The Ardent Leisure Group (ASX: AAD) share price fell 1% to $2.01 this morning, after the company released an update for the full year to 30 June 2017. While the company's audited full-year results are not expected to be released until later in the month, Ardent provided a business update on revenues and earnings:
(Figures are preliminary and not audited)
- Revenue of $586 million, down 15% from $688 million in prior year
- Core earnings before interest, tax, depreciation and amortisation (EBITDA) of $76 million, slightly ahead of guidance for $73 million to $75 million
- Main Event revenues jumped 30% and EBITDA rose 6%, margins declined from 24.9% to 20.3%
- Bowling experienced a 2% decline in revenue and 17% decline in EBITDA
- Theme parks revenue fell 34% and segment was loss-making. Expected to take 2 years to recover.
So what?
Main Event centre performance was mixed, with constant-centre sales falling 2.6%, which management attributed to their conscious cannibalisation strategy of building local 'clusters' of centres. Competition, especially at older centres was also blamed for the decline, and a similar theme was found in the Bowling segment also.
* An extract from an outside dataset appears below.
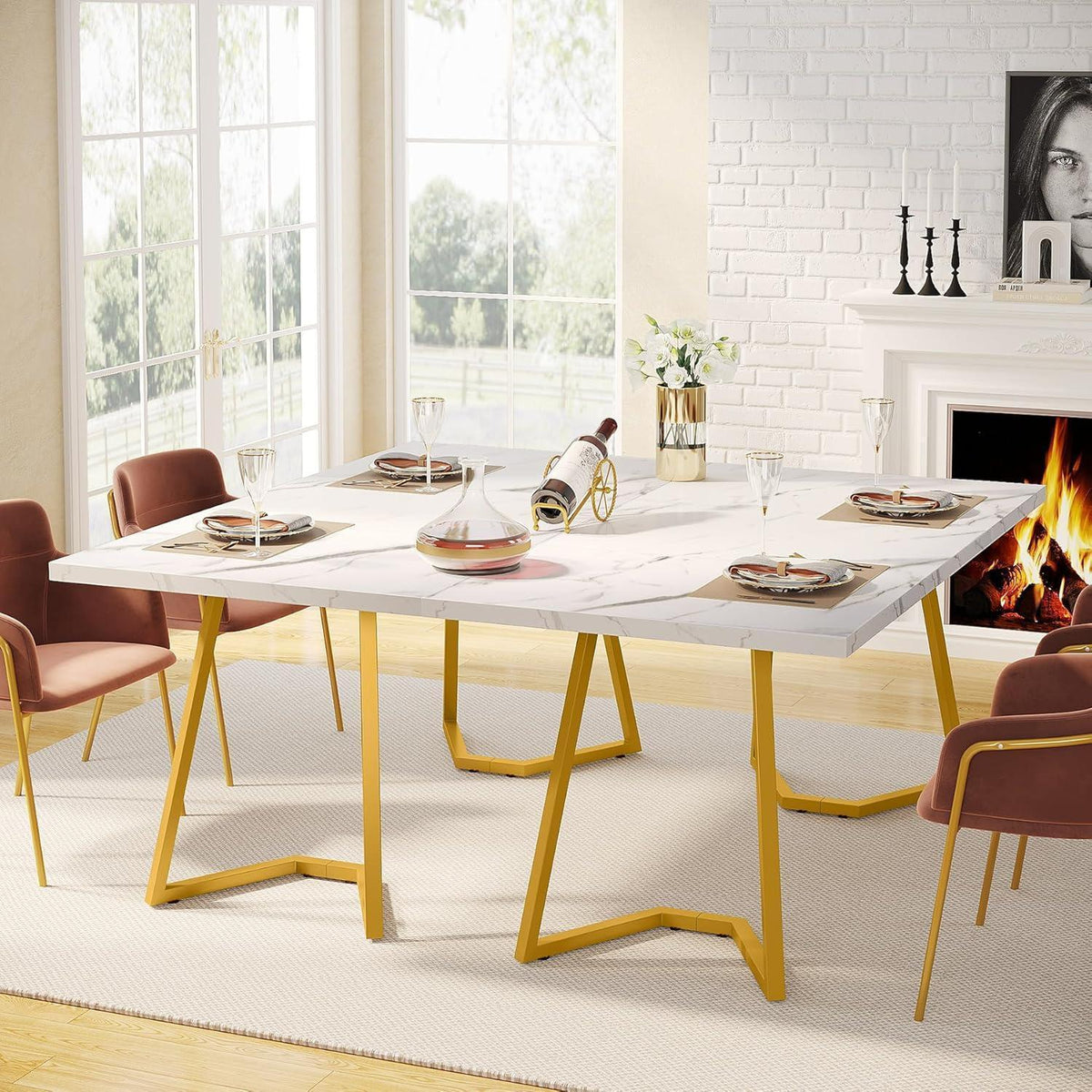 Moderner Esszimmertisch Weiß & Gold, 140cm, Künstlicher Marmor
Management is focusing on refurbishments and other improvements such as menu revitalisations to lift performance here.
The theme parks, of course, struggled, although it was encouraging to see "the early signs of an improvement in demand with cumulative season pass sales now down 10-15% on pcp and on a positive trend." This suggests a general improvement in business conditions and management expects to return to normal trading conditions in two years or so.
Now what?
My view is that Ardent is over-priced, or at least mis-priced given some of the uncertainty surrounding it. The company has an enterprise value to core EBITDA (EV/EBITDA) ratio of almost 14x, which is lofty considering that comparable consumer businesses can be had for around 8x. If you assume that theme park earnings recover to last year's levels, the ratio falls to 9x. However, this ratio overlooks the spending on refurbishment that appears necessary given the weak sales results in the bowling and Main Event divisions.
It's also not clear if the Main Event issues are temporary teething problems, or if this business will simply fail to be as profitable as it has been in the past, given increased competition and so on. Main Event is a promising opportunity, and likely a winner if it rolls out more widely. Still, there are a lot of unknowns and in my opinion it is important not to overpay. That's why I continue to avoid Ardent at today's prices.